Fig. 1 is a vertical sectional view of a scroll type fluid displacement apparatus according to an embodiment of this invention;

Fig. 2 is a sectional view taken generally along line II-II in Fig. 1; and

Fig. 3 is a perspective view of the orbiting scroll illustrated in Fig. 1.

[0015] Referring to Fig. 1, an embodiment of a fluid displacement apparatus in accordance with the present invention, in particular, a scroll type fluid displacement apparatus 1 is shown. The apparatus 1 includes a housing 10 having a front end plate 11, a scroll housing 12 which is attached to one end surface of front end plate 11, and a motor housing 13 which is attached to the other end surface of front end plate 11.

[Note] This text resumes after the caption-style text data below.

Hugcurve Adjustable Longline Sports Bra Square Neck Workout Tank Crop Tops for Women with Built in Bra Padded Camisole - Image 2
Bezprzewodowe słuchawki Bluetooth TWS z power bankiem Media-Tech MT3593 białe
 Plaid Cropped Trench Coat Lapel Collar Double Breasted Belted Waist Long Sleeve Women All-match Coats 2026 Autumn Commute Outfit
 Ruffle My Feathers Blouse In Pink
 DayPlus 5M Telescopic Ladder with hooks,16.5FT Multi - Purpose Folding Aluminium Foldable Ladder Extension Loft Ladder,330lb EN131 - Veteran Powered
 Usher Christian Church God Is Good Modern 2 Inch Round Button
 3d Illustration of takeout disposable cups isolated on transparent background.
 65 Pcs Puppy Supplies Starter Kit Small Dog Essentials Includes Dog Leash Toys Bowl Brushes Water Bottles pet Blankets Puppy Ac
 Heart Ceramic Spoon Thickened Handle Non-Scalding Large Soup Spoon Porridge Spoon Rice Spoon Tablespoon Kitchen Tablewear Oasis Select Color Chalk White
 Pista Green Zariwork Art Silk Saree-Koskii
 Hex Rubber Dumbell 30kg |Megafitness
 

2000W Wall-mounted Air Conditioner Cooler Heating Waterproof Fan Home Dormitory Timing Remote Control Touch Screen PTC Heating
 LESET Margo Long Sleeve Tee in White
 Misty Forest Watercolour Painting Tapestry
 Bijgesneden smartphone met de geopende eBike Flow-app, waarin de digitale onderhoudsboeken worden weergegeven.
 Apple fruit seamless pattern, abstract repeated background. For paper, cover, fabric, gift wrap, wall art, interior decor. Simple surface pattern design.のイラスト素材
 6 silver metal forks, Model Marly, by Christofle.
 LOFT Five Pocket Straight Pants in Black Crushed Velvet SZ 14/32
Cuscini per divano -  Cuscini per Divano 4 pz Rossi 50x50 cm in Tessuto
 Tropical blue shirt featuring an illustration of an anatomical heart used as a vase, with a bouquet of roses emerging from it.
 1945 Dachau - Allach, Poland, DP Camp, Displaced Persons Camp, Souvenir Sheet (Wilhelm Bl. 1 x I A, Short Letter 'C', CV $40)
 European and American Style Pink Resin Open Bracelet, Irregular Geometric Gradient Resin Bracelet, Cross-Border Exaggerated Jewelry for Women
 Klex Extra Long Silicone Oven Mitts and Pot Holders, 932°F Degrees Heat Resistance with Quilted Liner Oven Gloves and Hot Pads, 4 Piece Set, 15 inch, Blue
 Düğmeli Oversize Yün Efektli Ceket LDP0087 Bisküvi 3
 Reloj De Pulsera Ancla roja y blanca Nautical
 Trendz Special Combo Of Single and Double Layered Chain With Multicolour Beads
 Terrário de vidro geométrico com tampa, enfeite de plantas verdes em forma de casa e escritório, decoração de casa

[0016] A spiral element 121 is formed integral with an end plate portion of scroll housing 12 and extends into the interior of scroll housing 12. Spiral element 121 has approximately 1 3/4 turns or revolutions. Spiral element 121 and the end plate portion of scroll housing from which it extends form a fixed scroll of the scroll type fluid displacement apparatus 1. An outlet port 122 is formed through the end plate portion of scroll housing 12 and an inlet port 123 is formed through the outer peripheral surface of scroll housing 12.

[0017] An orbiting scroll 20 is also located within scroll housing 12 and includes a circular end plate 201, a wrap or spiral element 202 affixed to or extending from one side surface of circular end plate 201. A tubular member 203 projects axially from a generally central radial area of the side surface of end plate 201. Tubular member 203 extends axially a distance into the operative interior of scroll housing 12, and preferably at least to the axial center area of the axial length of spiral element 202, however, not beyond the axial end of spiral element 202. The central area of end plate 201 is generally at the same location as the involute generating circle of spiral element 202. Spiral element 202 and spiral element 121 interfit at angular offset of 180° and a predetermined radial offset. At least a pair of fluid pockets are thereby defined between spiral elements 121 and 202. Tubular member 203 has a hollow interior 21 extending through its center. Hollow interior 21 thus extends between the distal end of tubular member 203 at an intermediate point of an axial length of interfitted spiral elements 121 and 202 and the side surface of end plate 201 opposite to the side thereof from which spiral element 202 extends.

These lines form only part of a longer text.